Dass die Forscher erst jetzt Hinweise auf Proxima b fanden, liegt an Messmethoden und -grenzen. Mit einem Eso-Spektographen und einer Methode, die minimale Sternbewegungen nachweist, fand Anglada-Escudé Indizien für einen Planeten.
Viele Nachmessungen und der Vergleich mit alten Messdaten von MPI-Forscher Kürster belegen nach Einschätzung der Experten, dass es kein stellares Störsignal ist. Die Wahrscheinlichkeit für ein Störsignal bezifferte Anglada-Escudé auf eins zu zehn Millionen.

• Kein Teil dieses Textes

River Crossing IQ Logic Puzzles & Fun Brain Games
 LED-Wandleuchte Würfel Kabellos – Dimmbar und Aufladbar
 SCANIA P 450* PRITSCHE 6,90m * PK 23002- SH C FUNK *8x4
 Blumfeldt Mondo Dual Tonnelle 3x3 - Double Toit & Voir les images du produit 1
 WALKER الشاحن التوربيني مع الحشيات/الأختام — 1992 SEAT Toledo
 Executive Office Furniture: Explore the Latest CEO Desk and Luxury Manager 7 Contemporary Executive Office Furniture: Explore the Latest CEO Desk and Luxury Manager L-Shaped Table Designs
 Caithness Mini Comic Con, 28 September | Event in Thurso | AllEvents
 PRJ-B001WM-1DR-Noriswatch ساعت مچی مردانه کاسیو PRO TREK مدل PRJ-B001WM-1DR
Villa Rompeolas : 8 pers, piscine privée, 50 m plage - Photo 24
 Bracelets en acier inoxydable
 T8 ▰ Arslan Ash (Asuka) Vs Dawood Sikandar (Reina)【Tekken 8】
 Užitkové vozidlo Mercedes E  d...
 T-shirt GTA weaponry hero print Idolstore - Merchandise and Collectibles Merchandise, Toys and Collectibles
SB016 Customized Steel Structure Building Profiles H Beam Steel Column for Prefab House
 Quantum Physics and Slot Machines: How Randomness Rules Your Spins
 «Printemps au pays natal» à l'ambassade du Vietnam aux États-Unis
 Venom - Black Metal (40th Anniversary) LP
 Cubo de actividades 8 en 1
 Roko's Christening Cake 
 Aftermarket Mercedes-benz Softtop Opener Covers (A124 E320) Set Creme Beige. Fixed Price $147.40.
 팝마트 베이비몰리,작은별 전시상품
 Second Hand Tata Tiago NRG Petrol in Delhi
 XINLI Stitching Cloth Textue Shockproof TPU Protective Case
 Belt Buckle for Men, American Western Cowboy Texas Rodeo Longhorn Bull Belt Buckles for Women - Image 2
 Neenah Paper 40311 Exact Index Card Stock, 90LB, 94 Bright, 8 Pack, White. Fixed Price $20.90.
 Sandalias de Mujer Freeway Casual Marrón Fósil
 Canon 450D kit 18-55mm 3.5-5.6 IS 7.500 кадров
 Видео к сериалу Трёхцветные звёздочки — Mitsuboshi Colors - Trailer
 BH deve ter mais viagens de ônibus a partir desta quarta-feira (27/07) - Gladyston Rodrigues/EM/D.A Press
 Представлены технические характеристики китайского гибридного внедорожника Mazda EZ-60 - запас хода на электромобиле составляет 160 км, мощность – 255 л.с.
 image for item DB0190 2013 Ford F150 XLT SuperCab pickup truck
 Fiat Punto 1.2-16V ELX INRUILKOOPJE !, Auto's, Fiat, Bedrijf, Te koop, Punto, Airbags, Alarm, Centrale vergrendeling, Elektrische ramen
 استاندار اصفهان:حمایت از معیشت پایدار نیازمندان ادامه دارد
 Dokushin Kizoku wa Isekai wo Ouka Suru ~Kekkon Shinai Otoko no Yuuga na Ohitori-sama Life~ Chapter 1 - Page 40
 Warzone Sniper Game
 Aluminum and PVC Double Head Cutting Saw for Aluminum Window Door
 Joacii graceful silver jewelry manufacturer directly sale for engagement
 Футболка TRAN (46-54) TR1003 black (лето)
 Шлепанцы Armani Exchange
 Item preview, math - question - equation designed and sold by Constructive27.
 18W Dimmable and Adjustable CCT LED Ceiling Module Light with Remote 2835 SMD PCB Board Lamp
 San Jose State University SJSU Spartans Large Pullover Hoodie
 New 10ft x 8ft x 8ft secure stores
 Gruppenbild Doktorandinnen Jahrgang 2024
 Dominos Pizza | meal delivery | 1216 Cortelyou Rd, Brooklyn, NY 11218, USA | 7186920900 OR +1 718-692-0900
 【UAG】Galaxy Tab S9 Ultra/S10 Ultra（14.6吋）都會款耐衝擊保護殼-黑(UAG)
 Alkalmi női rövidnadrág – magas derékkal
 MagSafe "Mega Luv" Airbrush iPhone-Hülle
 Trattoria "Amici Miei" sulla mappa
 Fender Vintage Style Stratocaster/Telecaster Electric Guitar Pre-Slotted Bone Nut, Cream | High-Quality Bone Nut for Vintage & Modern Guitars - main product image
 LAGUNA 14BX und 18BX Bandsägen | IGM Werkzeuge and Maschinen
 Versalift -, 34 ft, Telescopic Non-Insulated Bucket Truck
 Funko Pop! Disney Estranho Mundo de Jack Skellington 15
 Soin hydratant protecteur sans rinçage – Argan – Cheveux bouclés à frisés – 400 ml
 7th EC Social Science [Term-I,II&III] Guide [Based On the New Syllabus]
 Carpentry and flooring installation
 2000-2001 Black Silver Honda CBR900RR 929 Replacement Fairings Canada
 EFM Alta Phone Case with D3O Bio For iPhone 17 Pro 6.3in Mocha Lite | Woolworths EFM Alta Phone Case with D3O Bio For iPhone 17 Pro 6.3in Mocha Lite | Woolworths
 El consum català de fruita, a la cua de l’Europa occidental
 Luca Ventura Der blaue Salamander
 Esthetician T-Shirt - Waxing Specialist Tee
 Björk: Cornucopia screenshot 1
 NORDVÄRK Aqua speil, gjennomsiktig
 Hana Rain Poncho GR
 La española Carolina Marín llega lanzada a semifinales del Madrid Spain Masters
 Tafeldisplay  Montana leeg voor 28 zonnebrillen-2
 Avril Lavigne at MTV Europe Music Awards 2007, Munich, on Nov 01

"Die Signale sind mit extrem hoher Signifikanz vorhanden und über jeden Zweifel erhaben", sagte Kürster. Fraglich sei die Interpretation gewesen. Ein Planet sei die "weitaus plausibelste" Erklärung für die zahlreichen Indikatoren.
"Die Wahrscheinlichkeit für einen Planeten liegt bei nahezu 100 Prozent." Dennoch sprechen die Forscher bis zu einer unabhängigen Bestätigung streng wissenschaftlich von einem Gesteinsplaneten-Kandidaten.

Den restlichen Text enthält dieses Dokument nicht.